Demonstrating the mere presence of a protein, however, does not automatically confer importance or functionality. The authors therefore extensively analyzed the exon15-14 circEGFR and found that knockdown had several major effects: it reduced wild-type EGFR protein levels and downstream pathway activation and reduced colony formation and proliferation. In mice, knockdown and overexpression of this circEGFR, respectively, improved and reduced survival (though for some experiments additional expression of wild-type EGFR was required). Mechanistically, the authors showed that the reduction of EGFR protein levels after knockdown of circEGFR was due to its stabilizing effect on the EGFR protein: circEGFR and wtEGFR appear to interact directly and affect ubiquitinylation of the wild-type protein. The authors end by showing circEGFR can be a target for treatment, at least when knockdown is combined with nimotuzumab.

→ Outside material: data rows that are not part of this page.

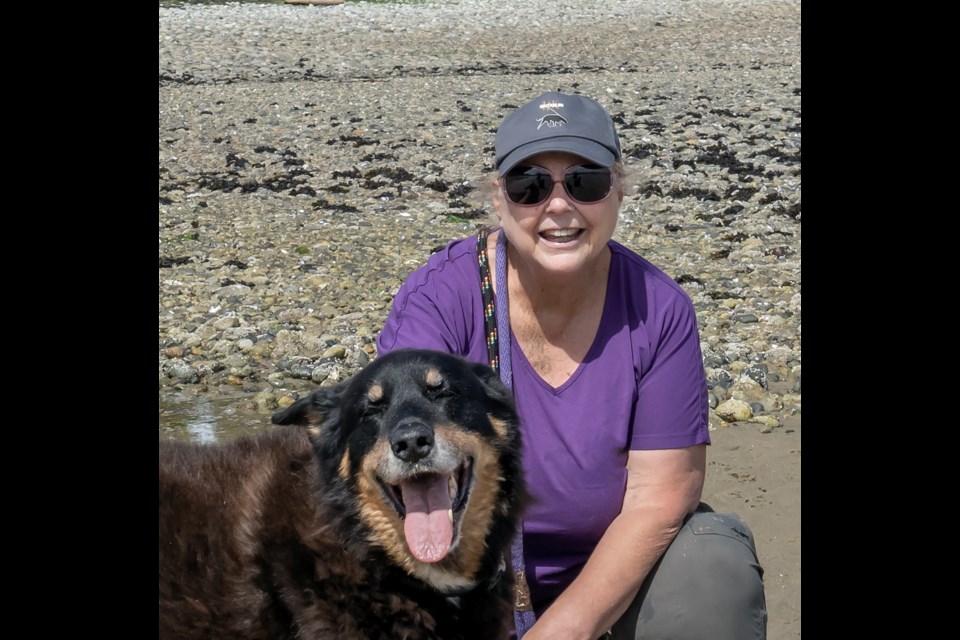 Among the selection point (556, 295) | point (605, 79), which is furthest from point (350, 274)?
point (605, 79)

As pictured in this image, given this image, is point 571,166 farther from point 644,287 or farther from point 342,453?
point 342,453

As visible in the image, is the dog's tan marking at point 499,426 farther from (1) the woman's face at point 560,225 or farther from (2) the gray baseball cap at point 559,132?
(2) the gray baseball cap at point 559,132

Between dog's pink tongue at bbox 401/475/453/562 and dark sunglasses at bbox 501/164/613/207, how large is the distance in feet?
3.53

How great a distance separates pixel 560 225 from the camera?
3.60 meters

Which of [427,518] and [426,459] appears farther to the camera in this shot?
[427,518]

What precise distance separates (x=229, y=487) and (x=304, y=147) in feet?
38.1

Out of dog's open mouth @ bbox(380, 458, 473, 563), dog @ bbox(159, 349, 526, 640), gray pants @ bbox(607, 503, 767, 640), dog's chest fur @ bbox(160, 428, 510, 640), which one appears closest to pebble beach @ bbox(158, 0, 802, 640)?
gray pants @ bbox(607, 503, 767, 640)

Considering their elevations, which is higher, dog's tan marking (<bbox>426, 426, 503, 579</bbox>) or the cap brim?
the cap brim

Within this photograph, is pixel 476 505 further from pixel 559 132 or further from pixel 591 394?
pixel 559 132

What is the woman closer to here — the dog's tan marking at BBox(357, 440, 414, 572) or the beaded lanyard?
the beaded lanyard

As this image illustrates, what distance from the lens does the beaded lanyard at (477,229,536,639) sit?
11.9 feet

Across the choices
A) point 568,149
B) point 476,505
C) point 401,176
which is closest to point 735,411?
point 568,149

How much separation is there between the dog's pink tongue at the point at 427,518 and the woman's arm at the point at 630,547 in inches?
20.2

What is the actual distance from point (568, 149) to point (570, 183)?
140 millimetres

In brief, this article comprehensively describes the presence of a circRNA derived from the EGFR gene and demonstrates its functional importance. This study adds another chapter to the already complex EGFR signaling in gliomas (see, eg, Gao et al.9) and is one of the first to show the role of circRNAs in gliomas. It is likely not to end with this single circRNA: at least one more has recently been described in detail in gliomas (circ-SMO10) by the same authors while the presented dataset still harbors many unexplored differentially expressed circRNAs.
Funding
This work was supported by a grant from the ‘Westlandse Ride’ to Y.H.